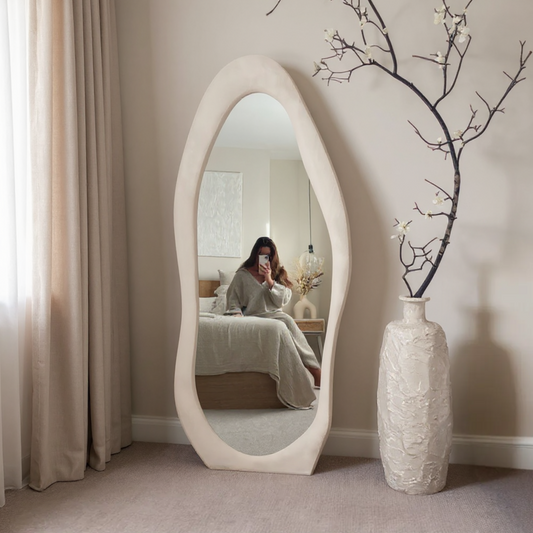 Espejo Decorativo Irregular con Borde Terciopelo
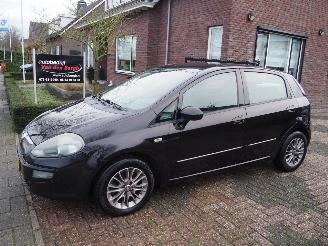 Vaurioauto  passenger cars Fiat Punto Evo 1.3 M-Jet MyLife 2011/12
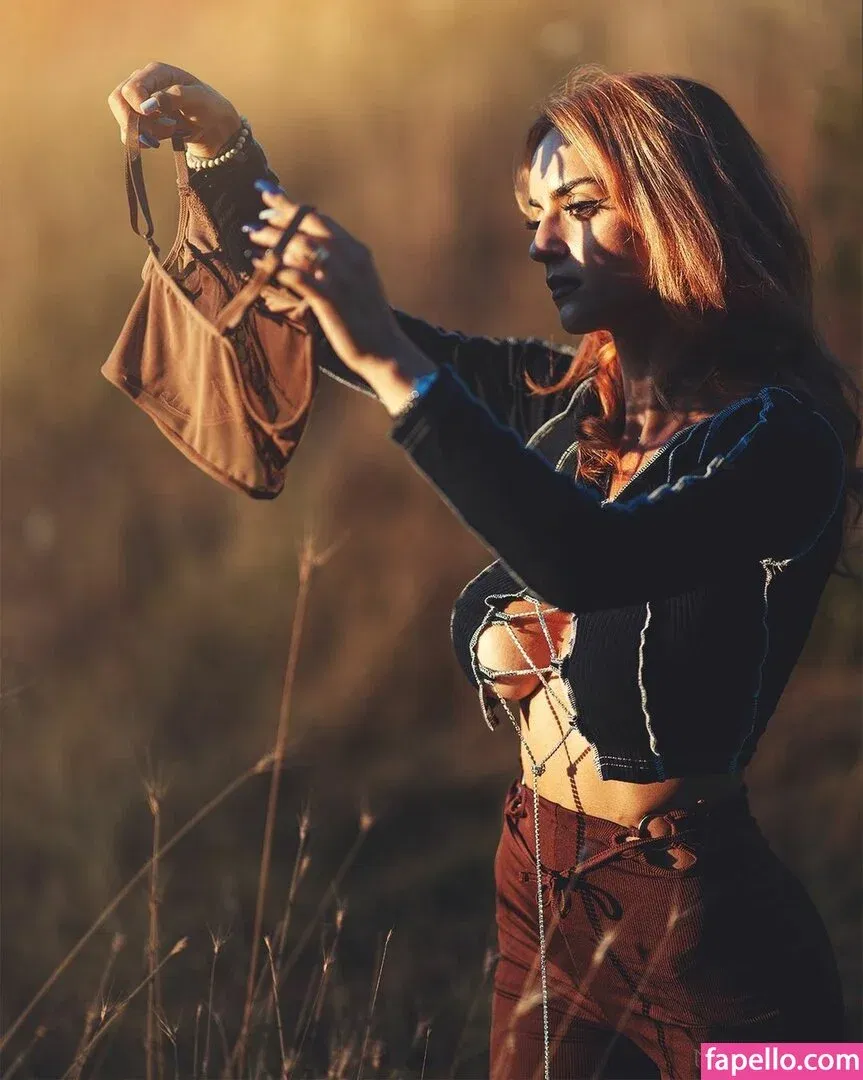 Linda Fioretti Onlyfans Photo Gallery 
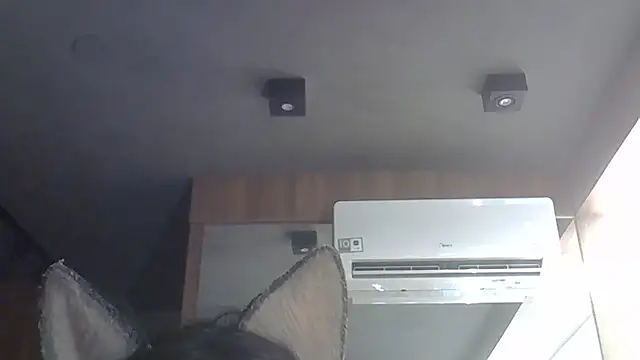 Snapshot of Skinny-Kitten chatting on November 2025 05:31:01 PM Skinny-Kitten online show from November 2025 05:31:01 PM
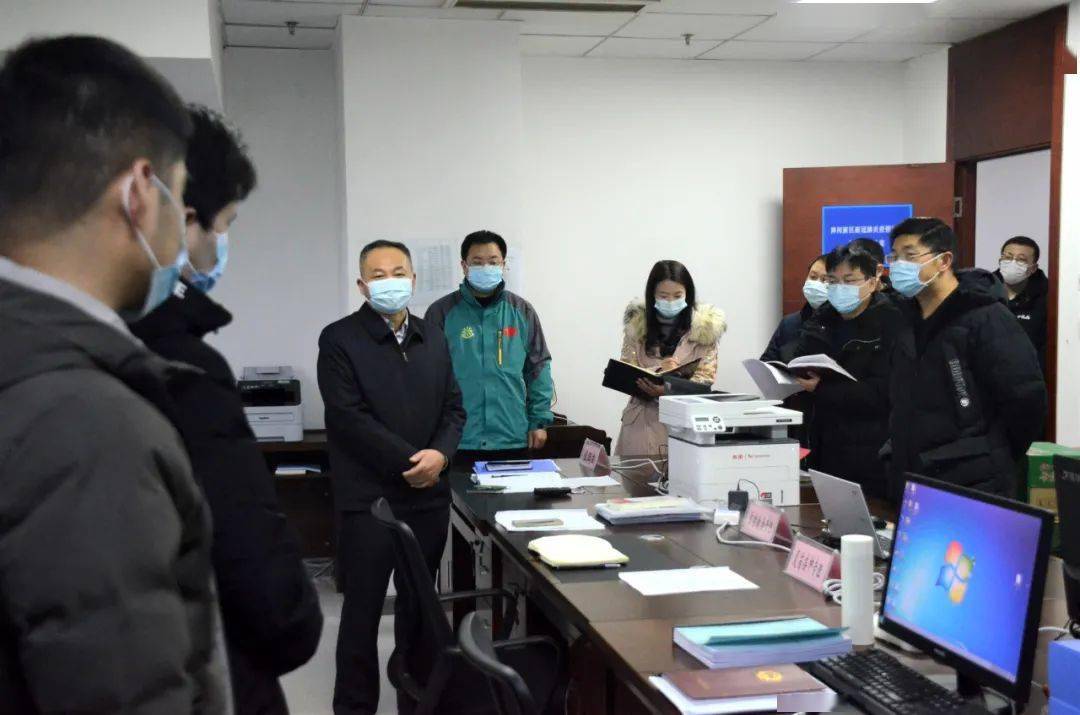市公共卫生应急储备中心,荆门西高速出入口健康检查点,陶然亲切与大家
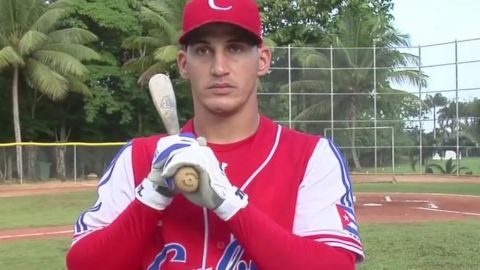 Guerrero bateó 102 cuadrangulares en 172 partidos en la Liga Cubana.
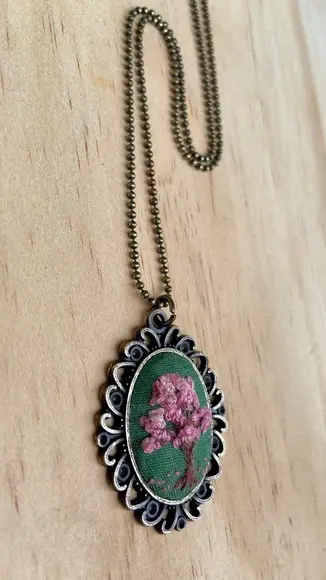 Colar Camafeu Bordado Ipê Rosa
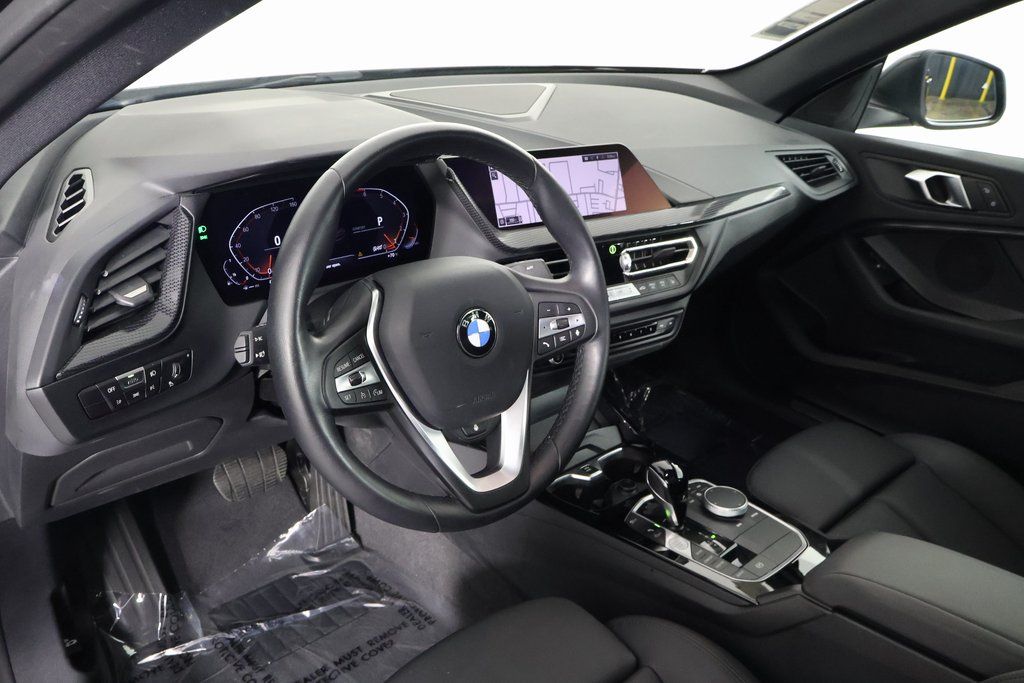 Thumbnail: 2024 BMW 2 Series - 7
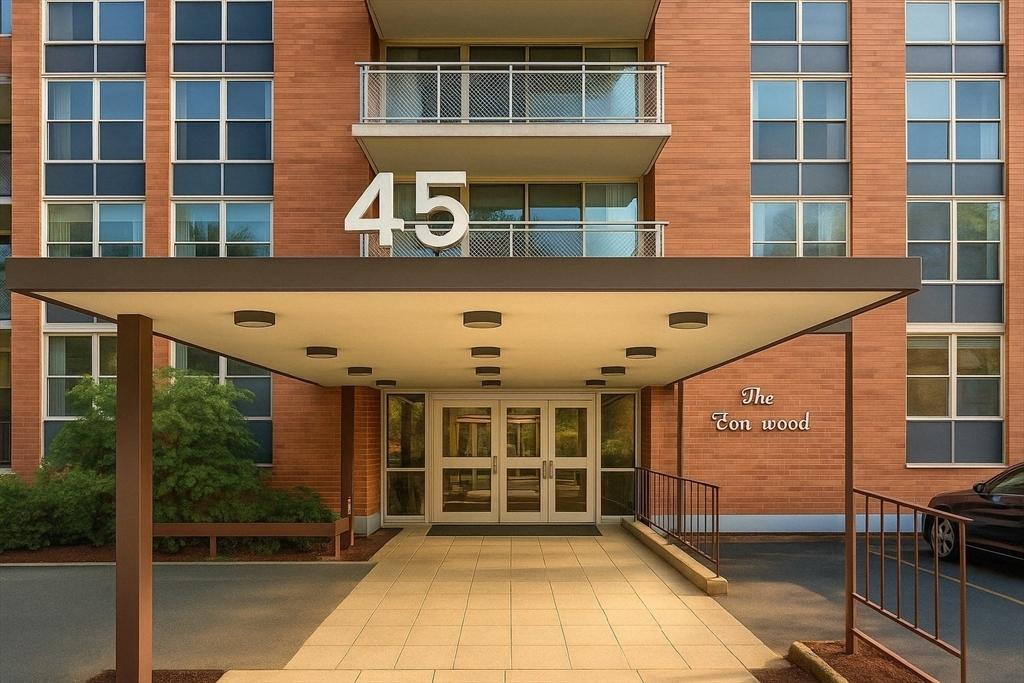 45 Longwood Ave Brookline,MA 02446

WORK ITEM: Reproduce the entries above exactly, without images.

WRITTEN SOLUTION:
 Espejo Decorativo Irregular con Borde Terciopelo
 Vaurioauto  passenger cars Fiat Punto Evo 1.3 M-Jet MyLife 2011/12
 Linda Fioretti Onlyfans Photo Gallery 
 Snapshot of Skinny-Kitten chatting on November 2025 05:31:01 PM Skinny-Kitten online show from November 2025 05:31:01 PM
市公共卫生应急储备中心,荆门西高速出入口健康检查点,陶然亲切与大家
 Guerrero bateó 102 cuadrangulares en 172 partidos en la Liga Cubana.
 Colar Camafeu Bordado Ipê Rosa
 Thumbnail: 2024 BMW 2 Series - 7
 45 Longwood Ave Brookline,MA 02446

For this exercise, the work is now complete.